AIM OF THE TASK
Restate the whole of the data below word for word, skipping the images.

PROVIDED DATA
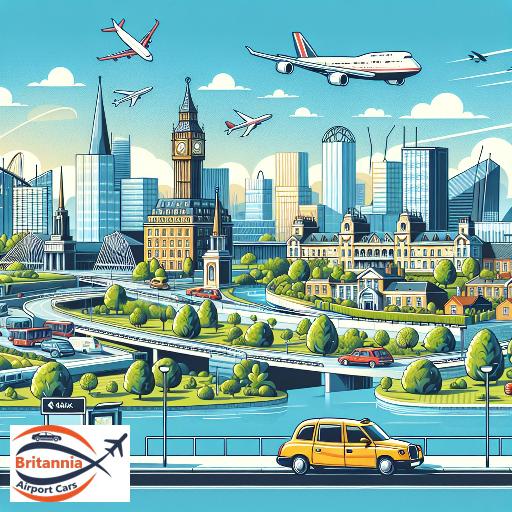 Gatwick To/From London City Airport Taxi Transfer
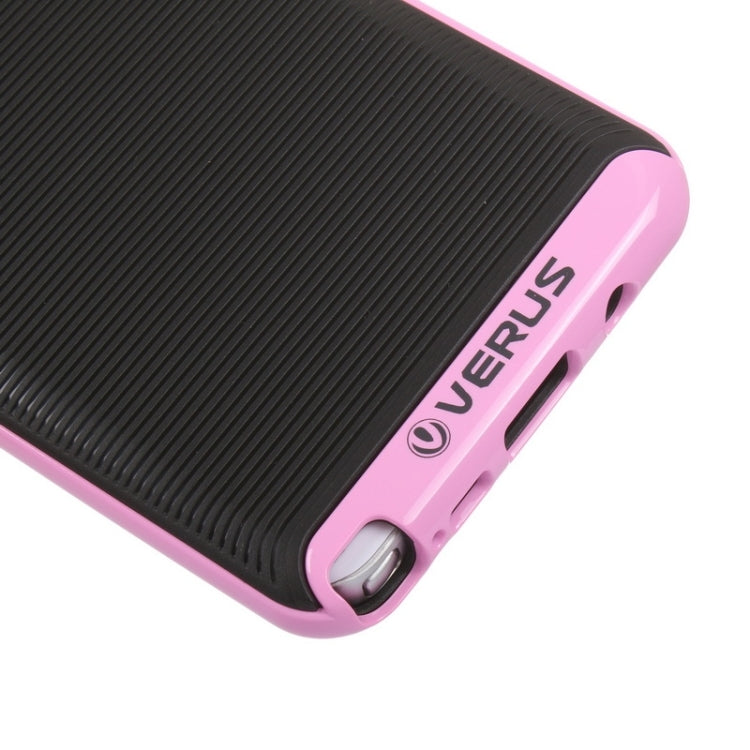 VERUS Ripple Texture Plastic Hard Shell Combination Case for Galaxy Note 5 / N920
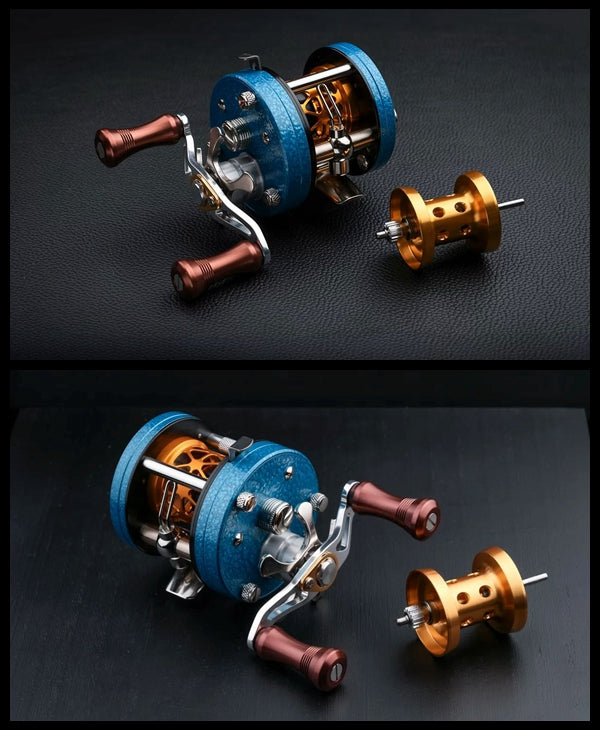 TRY-ANGLE x ISUZU Original Baitcasting Reel TC-01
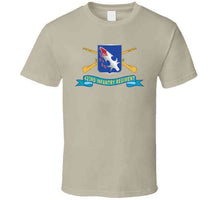 Load image into Gallery viewer, Army - 423rd Infantry Regiment - Dui W Br - Ribbon X 300 T Shirt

WRITTEN SOLUTION
 Gatwick To/From London City Airport Taxi Transfer
 VERUS Ripple Texture Plastic Hard Shell Combination Case for Galaxy Note 5 / N920
 TRY-ANGLE x ISUZU Original Baitcasting Reel TC-01
 Load image into Gallery viewer, Army - 423rd Infantry Regiment - Dui W Br - Ribbon X 300 T Shirt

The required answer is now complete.